After that, Ursula can go offline (in practice it should probably wait for a TCP ACK before disconnecting; it can just send a FIN (via shutdown(fd, SHUT_WR)) and then try to drain their end of the channel so that the TCP driver will eventually find some ACK embedded in the incoming TCP segments to ensure the last message got through in full). Then, their wallet shows “-1000 sats”. When Ursula comes back later, it just asks any of the LSPs for how the payment went. If the LSPs decided to time out and stop retrying, the wallet can now show “+1000 sats, refund from payment failure”. Otherwise if the payment succeeded on at least one path, the wallet replaces the last “-1000 sats; confirmed”. If there are any stuck attempts in the “stuckless in name only haha” payment protocol, none of them affect the hop at Ursula, they only lock funds on the LSPs.
And that is the important bit, the big difference between what Ursula holds in the wallet versus what the LSP holds in the routing node:
- Without MultiPTLCs, there is the very real risk that the wallet says “Okay the 5 USD went through, but sorry I have to hold another 5 USD for up to two weeks because the Lightning Network broke down” on a 50 USD wallet, do you think Ursula will be happy?

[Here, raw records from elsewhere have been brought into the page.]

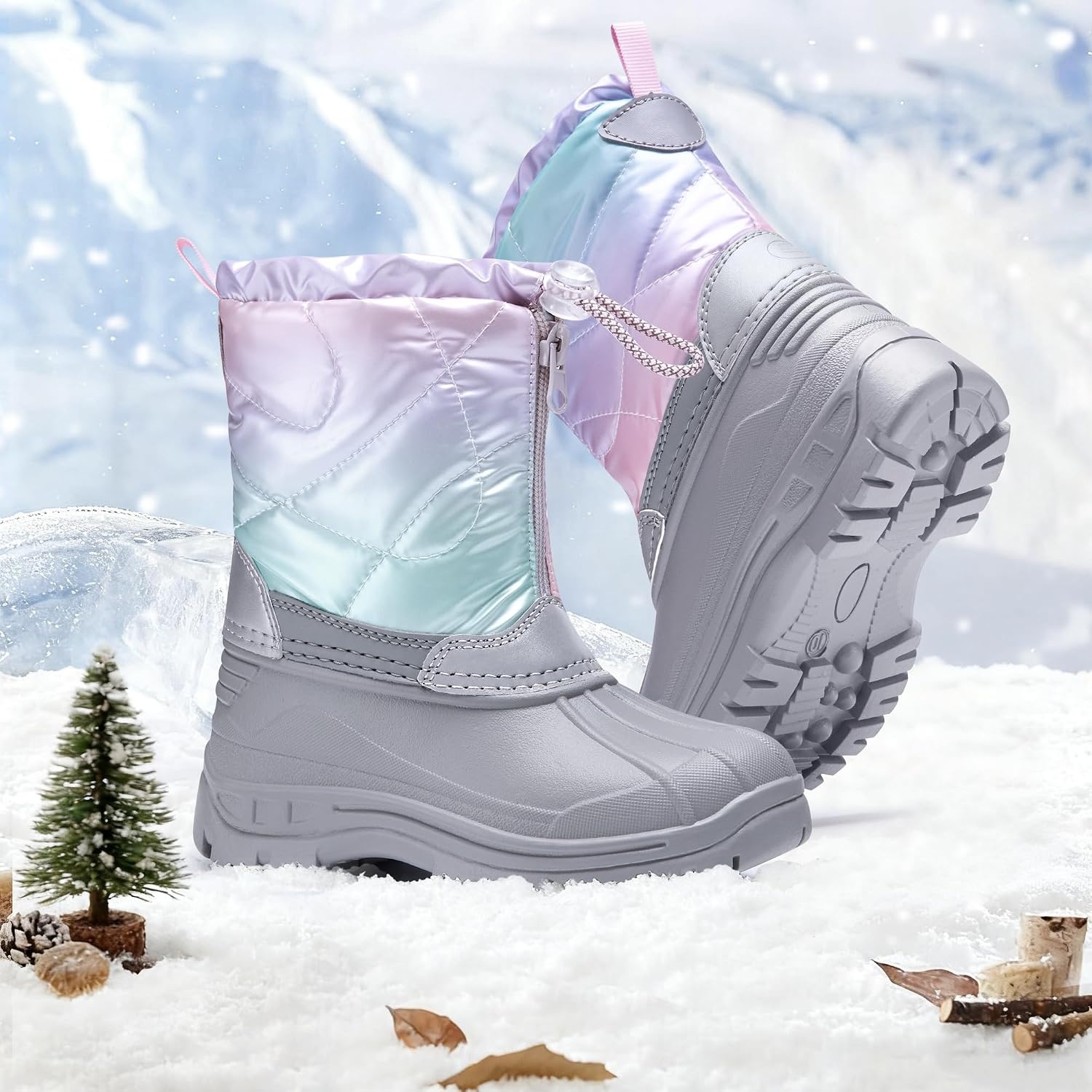 Stelle Girls Snow Boots with Zipper Kids Boys Winter Outdoor Boots | Non-Slip Waterproof TPR Outsole Warm Faux Fur Insulated Lining Easy On/off Cozy Mid-calf Fit with Bungee Adjuster for Toddler(Holo Frost)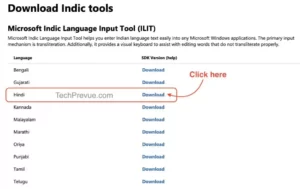 Microsoft Indic Language Input Tool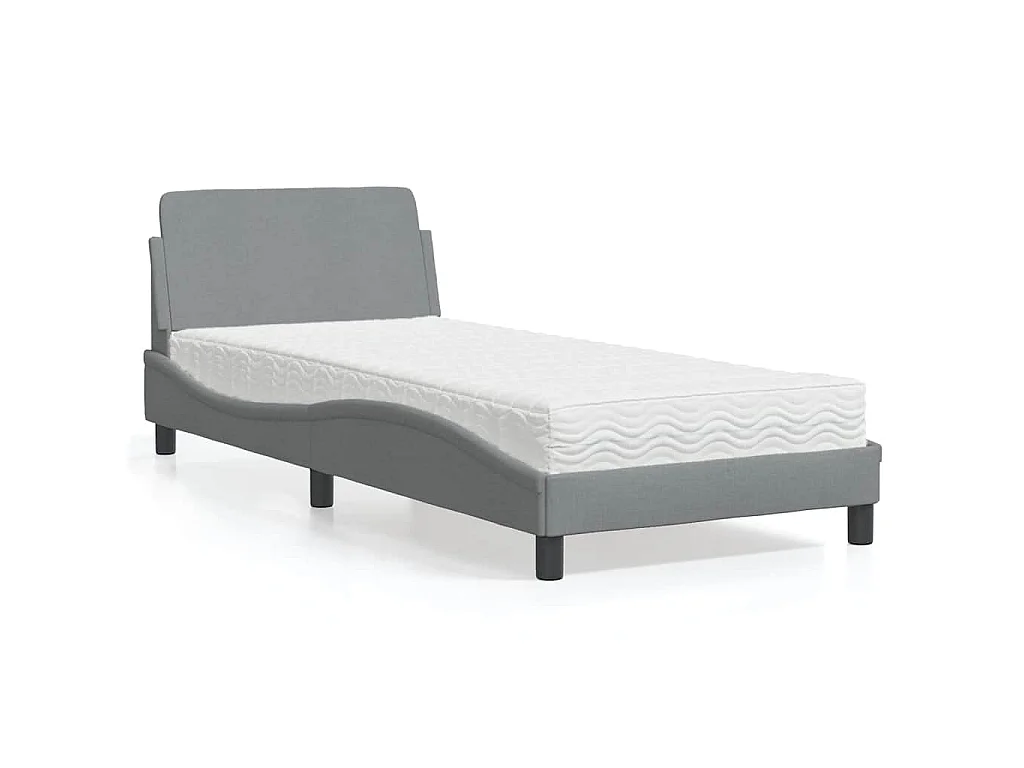 Lit avec matelas Dover gris clair 90x190 cm tissu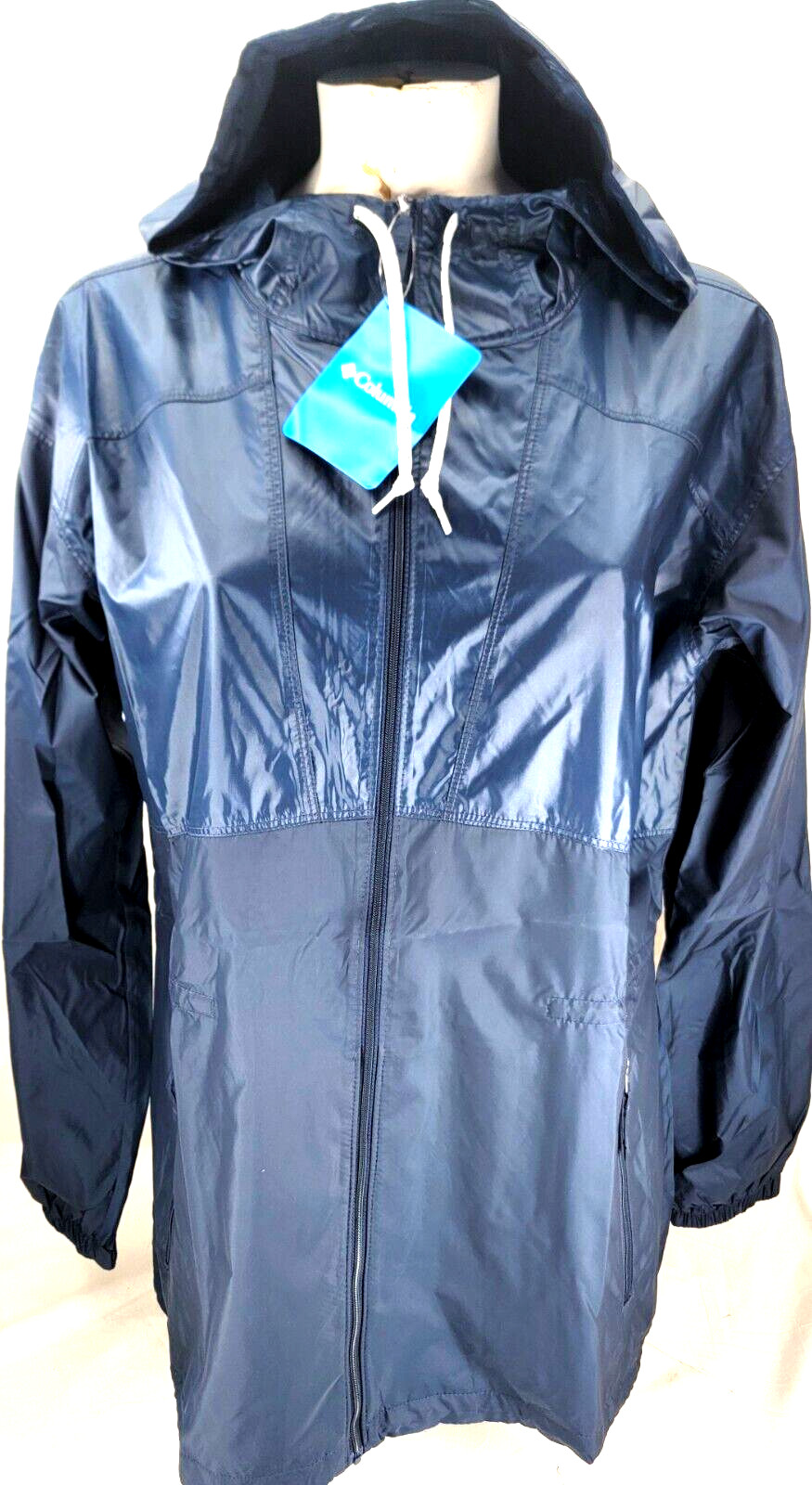 NEW Columbia Flashback Full Zip Hooded Windbreaker Navy Blue Jacket Women\'s L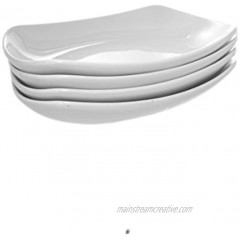 Set 4 White Porcelain Appetizer Sushi Boat Platter Plate Bowls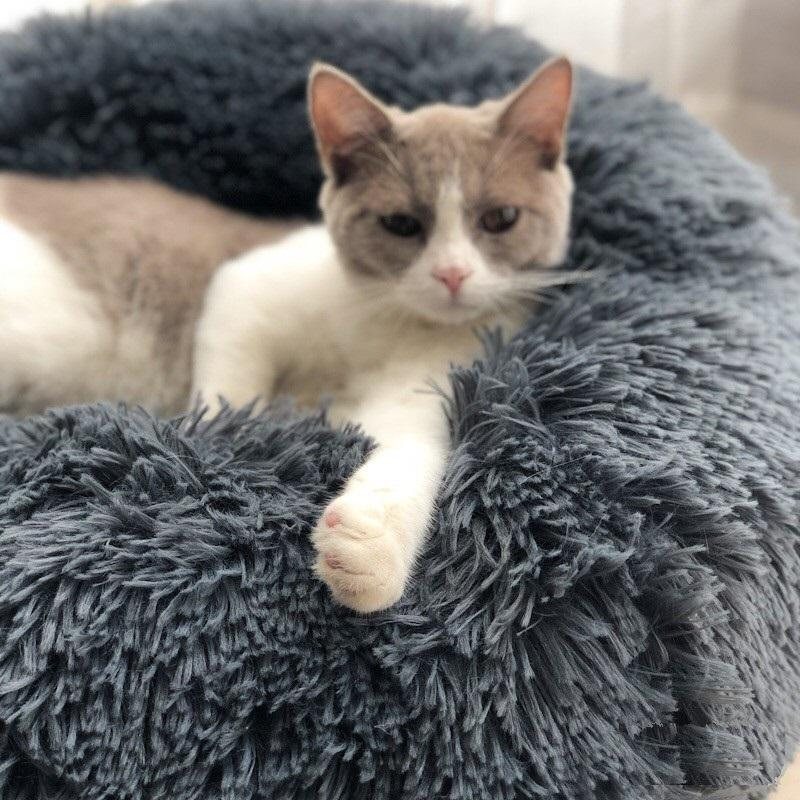 Flerfärgad Katt-/hundsäng För Husdjur Supermjuk Varm Rund Djup Supersöt Kennel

- With MultiPTLCs, the LSP has a very real risk that of its 200,000 USD investment in Lightning liquidity, maybe about 500 USD or so of it is always locked for several days in various PTLC-lock-chains due to remote nodes being down, this is just a cost of doing business on an unreliable network, which we are all already aware is true.
MultiPTLCs are simpler and gives better UX and end-user security. It is very rare to have something that has improved UX and end-user security, it is usually one or the other (what is sacrificed is the security of the LSPs who have to trust a quorum of their fellow LSPs, not the end-user).
Gentle reminder that our current Lightning Network BOLT protocol requires 1.5 roundtrips per payment attempt and if there are payment failures, that’s 1.5 roundtrips to cancel this attempt at the source and another 1.5 roundtrips for the next attempt etc. etc. With this, it is 1.5 roundtrips per payment plan where a payment plan is a fixed set of multiple payment attempts.
The nice thing is that there is nothing that requires the LSPs to know anything in the onion other than their layer, further layers can be kept hidden from the LSPs. The LSPs can now make multiple attempts on behalf of Ursula without knowing the recipient, even without blinded routes. Even if a payment attempt fails and falls back to the LSP, the LSP can assume it is simply a temporary failure and retry it a small amount of time later, in the hope that whatever prevented it from succeeding in the first place was just a temporary issue.